Information provided: Begin

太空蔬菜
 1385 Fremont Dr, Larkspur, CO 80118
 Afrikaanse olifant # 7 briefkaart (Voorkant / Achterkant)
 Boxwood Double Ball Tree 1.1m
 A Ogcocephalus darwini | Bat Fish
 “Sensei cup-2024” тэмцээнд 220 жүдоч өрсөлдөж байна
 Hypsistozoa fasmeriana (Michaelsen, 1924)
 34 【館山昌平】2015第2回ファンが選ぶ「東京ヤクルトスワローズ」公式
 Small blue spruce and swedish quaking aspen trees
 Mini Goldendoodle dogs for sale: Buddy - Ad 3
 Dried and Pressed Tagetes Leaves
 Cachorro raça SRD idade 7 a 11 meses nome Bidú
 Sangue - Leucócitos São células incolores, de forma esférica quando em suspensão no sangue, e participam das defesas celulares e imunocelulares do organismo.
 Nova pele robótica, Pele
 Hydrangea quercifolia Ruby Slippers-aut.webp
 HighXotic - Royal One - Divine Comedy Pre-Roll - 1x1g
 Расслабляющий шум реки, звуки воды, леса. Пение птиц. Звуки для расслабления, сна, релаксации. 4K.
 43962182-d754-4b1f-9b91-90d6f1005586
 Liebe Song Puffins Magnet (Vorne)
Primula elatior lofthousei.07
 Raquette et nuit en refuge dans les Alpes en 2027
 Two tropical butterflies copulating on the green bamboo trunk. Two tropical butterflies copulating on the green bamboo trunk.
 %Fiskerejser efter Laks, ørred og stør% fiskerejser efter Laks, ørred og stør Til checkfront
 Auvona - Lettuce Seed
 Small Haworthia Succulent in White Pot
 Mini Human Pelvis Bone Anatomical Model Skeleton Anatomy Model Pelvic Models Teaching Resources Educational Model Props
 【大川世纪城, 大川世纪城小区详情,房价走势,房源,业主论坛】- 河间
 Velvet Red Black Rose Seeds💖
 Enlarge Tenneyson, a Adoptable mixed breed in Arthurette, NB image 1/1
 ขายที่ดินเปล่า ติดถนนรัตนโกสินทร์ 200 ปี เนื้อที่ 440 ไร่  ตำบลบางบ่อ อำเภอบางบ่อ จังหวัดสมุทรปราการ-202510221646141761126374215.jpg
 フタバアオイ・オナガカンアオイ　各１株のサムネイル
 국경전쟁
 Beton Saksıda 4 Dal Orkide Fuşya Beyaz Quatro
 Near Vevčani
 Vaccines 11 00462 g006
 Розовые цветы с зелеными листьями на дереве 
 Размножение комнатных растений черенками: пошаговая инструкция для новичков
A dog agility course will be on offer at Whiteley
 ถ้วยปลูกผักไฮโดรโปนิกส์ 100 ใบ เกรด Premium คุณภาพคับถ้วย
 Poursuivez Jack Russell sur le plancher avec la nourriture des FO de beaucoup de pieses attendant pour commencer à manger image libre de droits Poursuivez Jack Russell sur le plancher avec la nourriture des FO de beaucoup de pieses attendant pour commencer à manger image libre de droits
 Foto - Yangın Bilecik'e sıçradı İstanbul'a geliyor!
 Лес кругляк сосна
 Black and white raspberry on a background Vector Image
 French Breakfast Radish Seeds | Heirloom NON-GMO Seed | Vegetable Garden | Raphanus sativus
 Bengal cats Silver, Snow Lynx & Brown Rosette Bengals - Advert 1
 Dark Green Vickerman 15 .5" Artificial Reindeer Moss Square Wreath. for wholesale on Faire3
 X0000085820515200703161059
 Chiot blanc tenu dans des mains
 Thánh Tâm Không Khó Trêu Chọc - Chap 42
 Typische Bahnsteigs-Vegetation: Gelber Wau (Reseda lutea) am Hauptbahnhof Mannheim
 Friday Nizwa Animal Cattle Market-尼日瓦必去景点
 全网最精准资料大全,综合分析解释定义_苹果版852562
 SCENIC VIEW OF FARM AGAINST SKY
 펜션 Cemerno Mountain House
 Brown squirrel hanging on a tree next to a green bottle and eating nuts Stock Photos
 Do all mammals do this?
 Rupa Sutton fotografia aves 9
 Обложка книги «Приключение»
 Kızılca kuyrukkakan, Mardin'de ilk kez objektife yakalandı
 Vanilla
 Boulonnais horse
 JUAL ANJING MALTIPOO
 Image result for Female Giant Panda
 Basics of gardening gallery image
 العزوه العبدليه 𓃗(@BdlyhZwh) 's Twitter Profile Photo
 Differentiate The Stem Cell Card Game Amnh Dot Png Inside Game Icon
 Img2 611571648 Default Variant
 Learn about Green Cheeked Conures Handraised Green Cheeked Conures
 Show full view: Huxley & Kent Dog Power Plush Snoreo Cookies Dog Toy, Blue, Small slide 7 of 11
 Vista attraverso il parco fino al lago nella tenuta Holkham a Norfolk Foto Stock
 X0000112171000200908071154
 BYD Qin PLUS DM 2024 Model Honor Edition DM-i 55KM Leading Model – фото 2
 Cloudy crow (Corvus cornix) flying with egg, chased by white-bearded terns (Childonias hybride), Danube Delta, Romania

Information provided: End

**Instructions to follow**
Print the records again in full, exactly as they appear above.

**Answer for the task**
太空蔬菜
 1385 Fremont Dr, Larkspur, CO 80118
 Afrikaanse olifant # 7 briefkaart (Voorkant / Achterkant)
 Boxwood Double Ball Tree 1.1m
 A Ogcocephalus darwini | Bat Fish
 “Sensei cup-2024” тэмцээнд 220 жүдоч өрсөлдөж байна
 Hypsistozoa fasmeriana (Michaelsen, 1924)
 34 【館山昌平】2015第2回ファンが選ぶ「東京ヤクルトスワローズ」公式
 Small blue spruce and swedish quaking aspen trees
 Mini Goldendoodle dogs for sale: Buddy - Ad 3
 Dried and Pressed Tagetes Leaves
 Cachorro raça SRD idade 7 a 11 meses nome Bidú
 Sangue - Leucócitos São células incolores, de forma esférica quando em suspensão no sangue, e participam das defesas celulares e imunocelulares do organismo.
 Nova pele robótica, Pele
 Hydrangea quercifolia Ruby Slippers-aut.webp
 HighXotic - Royal One - Divine Comedy Pre-Roll - 1x1g
 Расслабляющий шум реки, звуки воды, леса. Пение птиц. Звуки для расслабления, сна, релаксации. 4K.
 43962182-d754-4b1f-9b91-90d6f1005586
 Liebe Song Puffins Magnet (Vorne)
Primula elatior lofthousei.07
 Raquette et nuit en refuge dans les Alpes en 2027
 Two tropical butterflies copulating on the green bamboo trunk. Two tropical butterflies copulating on the green bamboo trunk.
 %Fiskerejser efter Laks, ørred og stør% fiskerejser efter Laks, ørred og stør Til checkfront
 Auvona - Lettuce Seed
 Small Haworthia Succulent in White Pot
 Mini Human Pelvis Bone Anatomical Model Skeleton Anatomy Model Pelvic Models Teaching Resources Educational Model Props
 【大川世纪城, 大川世纪城小区详情,房价走势,房源,业主论坛】- 河间
 Velvet Red Black Rose Seeds💖
 Enlarge Tenneyson, a Adoptable mixed breed in Arthurette, NB image 1/1
 ขายที่ดินเปล่า ติดถนนรัตนโกสินทร์ 200 ปี เนื้อที่ 440 ไร่  ตำบลบางบ่อ อำเภอบางบ่อ จังหวัดสมุทรปราการ-202510221646141761126374215.jpg
 フタバアオイ・オナガカンアオイ　各１株のサムネイル
 국경전쟁
 Beton Saksıda 4 Dal Orkide Fuşya Beyaz Quatro
 Near Vevčani
 Vaccines 11 00462 g006
 Розовые цветы с зелеными листьями на дереве 
 Размножение комнатных растений черенками: пошаговая инструкция для новичков
A dog agility course will be on offer at Whiteley
 ถ้วยปลูกผักไฮโดรโปนิกส์ 100 ใบ เกรด Premium คุณภาพคับถ้วย
 Poursuivez Jack Russell sur le plancher avec la nourriture des FO de beaucoup de pieses attendant pour commencer à manger image libre de droits Poursuivez Jack Russell sur le plancher avec la nourriture des FO de beaucoup de pieses attendant pour commencer à manger image libre de droits
 Foto - Yangın Bilecik'e sıçradı İstanbul'a geliyor!
 Лес кругляк сосна
 Black and white raspberry on a background Vector Image
 French Breakfast Radish Seeds | Heirloom NON-GMO Seed | Vegetable Garden | Raphanus sativus
 Bengal cats Silver, Snow Lynx & Brown Rosette Bengals - Advert 1
 Dark Green Vickerman 15 .5" Artificial Reindeer Moss Square Wreath. for wholesale on Faire3
 X0000085820515200703161059
 Chiot blanc tenu dans des mains
 Thánh Tâm Không Khó Trêu Chọc - Chap 42
 Typische Bahnsteigs-Vegetation: Gelber Wau (Reseda lutea) am Hauptbahnhof Mannheim
 Friday Nizwa Animal Cattle Market-尼日瓦必去景点
 全网最精准资料大全,综合分析解释定义_苹果版852562
 SCENIC VIEW OF FARM AGAINST SKY
 펜션 Cemerno Mountain House
 Brown squirrel hanging on a tree next to a green bottle and eating nuts Stock Photos
 Do all mammals do this?
 Rupa Sutton fotografia aves 9
 Обложка книги «Приключение»
 Kızılca kuyrukkakan, Mardin'de ilk kez objektife yakalandı
 Vanilla
 Boulonnais horse
 JUAL ANJING MALTIPOO
 Image result for Female Giant Panda
 Basics of gardening gallery image
 العزوه العبدليه 𓃗(@BdlyhZwh) 's Twitter Profile Photo
 Differentiate The Stem Cell Card Game Amnh Dot Png Inside Game Icon
 Img2 611571648 Default Variant
 Learn about Green Cheeked Conures Handraised Green Cheeked Conures
 Show full view: Huxley & Kent Dog Power Plush Snoreo Cookies Dog Toy, Blue, Small slide 7 of 11
 Vista attraverso il parco fino al lago nella tenuta Holkham a Norfolk Foto Stock
 X0000112171000200908071154
 BYD Qin PLUS DM 2024 Model Honor Edition DM-i 55KM Leading Model – фото 2
 Cloudy crow (Corvus cornix) flying with egg, chased by white-bearded terns (Childonias hybride), Danube Delta, Romania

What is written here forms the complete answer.